Assigned task: When you reach the line in the data below that contains "A large group", please start repeating lines exactly, and stop after the line that contains "A bride in a", repeating nothing else.

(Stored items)
BEGIN

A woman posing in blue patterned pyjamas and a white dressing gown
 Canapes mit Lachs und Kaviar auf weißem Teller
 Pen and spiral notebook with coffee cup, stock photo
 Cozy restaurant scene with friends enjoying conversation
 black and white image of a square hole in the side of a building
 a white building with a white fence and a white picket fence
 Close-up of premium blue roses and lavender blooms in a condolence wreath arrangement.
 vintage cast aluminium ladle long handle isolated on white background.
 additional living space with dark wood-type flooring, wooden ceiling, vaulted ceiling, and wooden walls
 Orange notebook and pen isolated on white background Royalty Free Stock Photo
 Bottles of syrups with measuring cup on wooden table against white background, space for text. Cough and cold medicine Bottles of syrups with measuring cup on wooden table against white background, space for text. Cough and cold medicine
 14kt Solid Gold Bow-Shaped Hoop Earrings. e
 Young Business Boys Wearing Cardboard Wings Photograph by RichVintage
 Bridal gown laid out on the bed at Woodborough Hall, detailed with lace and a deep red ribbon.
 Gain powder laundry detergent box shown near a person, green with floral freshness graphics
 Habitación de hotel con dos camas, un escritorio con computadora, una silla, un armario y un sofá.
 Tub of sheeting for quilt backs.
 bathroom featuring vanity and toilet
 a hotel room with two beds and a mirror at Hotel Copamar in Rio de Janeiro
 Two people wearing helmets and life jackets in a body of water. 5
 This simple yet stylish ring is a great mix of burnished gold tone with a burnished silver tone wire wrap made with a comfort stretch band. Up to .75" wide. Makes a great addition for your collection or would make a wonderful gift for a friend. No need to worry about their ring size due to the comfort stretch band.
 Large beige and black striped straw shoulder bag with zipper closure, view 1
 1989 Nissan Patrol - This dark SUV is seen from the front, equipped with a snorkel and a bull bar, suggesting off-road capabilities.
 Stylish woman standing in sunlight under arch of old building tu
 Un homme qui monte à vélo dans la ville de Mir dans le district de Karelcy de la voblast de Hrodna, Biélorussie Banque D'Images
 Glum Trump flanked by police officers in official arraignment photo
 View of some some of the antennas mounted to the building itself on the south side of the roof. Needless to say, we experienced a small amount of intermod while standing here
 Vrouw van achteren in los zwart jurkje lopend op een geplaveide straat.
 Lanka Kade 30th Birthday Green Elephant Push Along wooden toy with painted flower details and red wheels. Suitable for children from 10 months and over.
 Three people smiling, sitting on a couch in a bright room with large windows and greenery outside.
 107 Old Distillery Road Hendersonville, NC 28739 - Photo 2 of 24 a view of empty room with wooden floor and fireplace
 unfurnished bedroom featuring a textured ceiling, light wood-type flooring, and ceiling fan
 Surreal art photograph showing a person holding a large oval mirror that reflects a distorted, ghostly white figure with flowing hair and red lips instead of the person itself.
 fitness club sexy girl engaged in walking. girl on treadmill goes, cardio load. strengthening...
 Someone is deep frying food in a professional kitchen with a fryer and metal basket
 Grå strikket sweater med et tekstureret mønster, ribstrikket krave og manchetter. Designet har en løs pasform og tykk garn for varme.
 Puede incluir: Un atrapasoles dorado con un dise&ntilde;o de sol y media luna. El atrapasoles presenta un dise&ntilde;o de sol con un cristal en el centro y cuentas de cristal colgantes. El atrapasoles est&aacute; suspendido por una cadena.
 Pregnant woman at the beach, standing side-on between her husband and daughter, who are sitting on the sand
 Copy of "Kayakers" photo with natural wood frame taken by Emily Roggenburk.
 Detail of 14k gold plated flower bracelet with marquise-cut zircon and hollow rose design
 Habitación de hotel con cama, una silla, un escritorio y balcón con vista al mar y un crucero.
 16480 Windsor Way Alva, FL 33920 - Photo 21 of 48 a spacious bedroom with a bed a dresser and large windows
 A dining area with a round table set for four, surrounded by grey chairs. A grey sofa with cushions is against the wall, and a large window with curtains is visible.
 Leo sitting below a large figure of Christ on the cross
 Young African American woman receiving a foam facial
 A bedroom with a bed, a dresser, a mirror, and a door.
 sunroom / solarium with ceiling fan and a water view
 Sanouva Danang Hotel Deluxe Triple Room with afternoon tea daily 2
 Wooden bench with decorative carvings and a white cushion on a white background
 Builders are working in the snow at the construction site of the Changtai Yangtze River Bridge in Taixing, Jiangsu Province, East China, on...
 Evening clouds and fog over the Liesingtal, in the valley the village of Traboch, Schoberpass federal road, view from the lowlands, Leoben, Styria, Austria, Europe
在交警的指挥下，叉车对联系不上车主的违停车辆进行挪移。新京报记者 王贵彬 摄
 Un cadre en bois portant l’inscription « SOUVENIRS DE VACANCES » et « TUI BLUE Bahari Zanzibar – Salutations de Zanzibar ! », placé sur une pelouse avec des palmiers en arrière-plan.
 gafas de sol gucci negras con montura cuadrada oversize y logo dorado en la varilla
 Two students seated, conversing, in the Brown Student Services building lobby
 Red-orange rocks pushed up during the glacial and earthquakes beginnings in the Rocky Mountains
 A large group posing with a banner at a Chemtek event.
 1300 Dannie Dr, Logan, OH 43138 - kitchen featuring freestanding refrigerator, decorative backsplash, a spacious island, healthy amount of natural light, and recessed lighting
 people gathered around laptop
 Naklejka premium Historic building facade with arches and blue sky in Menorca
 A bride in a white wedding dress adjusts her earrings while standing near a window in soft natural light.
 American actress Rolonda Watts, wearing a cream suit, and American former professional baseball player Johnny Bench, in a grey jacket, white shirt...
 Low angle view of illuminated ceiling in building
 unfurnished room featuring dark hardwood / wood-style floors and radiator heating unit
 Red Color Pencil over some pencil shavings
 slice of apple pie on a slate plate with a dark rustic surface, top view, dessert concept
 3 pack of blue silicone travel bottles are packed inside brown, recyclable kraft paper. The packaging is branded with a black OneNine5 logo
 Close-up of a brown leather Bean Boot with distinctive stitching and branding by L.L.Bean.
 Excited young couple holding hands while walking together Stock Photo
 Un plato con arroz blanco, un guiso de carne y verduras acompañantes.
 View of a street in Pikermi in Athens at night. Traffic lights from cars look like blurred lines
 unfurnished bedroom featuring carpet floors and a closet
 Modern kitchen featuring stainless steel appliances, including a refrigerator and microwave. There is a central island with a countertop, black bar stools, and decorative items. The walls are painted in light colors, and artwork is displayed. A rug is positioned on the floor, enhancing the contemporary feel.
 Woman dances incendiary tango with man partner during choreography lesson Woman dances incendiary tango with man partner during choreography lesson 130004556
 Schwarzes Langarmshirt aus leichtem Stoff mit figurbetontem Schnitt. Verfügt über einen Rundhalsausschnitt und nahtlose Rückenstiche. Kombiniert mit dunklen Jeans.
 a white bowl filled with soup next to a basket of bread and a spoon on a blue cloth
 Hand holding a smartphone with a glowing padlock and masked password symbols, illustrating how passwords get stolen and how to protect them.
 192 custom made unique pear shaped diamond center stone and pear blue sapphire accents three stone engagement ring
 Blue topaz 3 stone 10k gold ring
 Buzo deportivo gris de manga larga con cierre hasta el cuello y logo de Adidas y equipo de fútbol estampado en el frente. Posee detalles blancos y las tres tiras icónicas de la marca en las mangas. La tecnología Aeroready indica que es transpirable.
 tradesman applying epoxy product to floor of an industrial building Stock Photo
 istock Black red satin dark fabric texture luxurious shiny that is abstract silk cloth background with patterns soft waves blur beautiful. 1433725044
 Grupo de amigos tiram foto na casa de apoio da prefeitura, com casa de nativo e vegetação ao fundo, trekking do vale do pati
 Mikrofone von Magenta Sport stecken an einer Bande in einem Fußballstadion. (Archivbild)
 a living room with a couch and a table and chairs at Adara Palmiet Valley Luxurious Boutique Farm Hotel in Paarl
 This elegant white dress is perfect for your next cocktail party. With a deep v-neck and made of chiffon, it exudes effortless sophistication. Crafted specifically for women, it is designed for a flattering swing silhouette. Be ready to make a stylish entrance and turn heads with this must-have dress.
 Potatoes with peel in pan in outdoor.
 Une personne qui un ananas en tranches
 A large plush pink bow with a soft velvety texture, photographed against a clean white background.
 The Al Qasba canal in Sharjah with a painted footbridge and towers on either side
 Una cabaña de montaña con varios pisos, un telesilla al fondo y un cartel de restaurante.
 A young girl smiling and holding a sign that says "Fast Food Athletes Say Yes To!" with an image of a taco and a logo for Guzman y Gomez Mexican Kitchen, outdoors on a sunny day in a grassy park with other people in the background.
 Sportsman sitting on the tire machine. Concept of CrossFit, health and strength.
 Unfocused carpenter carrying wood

END

Solution to the exercise:
 A large group posing with a banner at a Chemtek event.
 1300 Dannie Dr, Logan, OH 43138 - kitchen featuring freestanding refrigerator, decorative backsplash, a spacious island, healthy amount of natural light, and recessed lighting
 people gathered around laptop
 Naklejka premium Historic building facade with arches and blue sky in Menorca
 A bride in a white wedding dress adjusts her earrings while standing near a window in soft natural light.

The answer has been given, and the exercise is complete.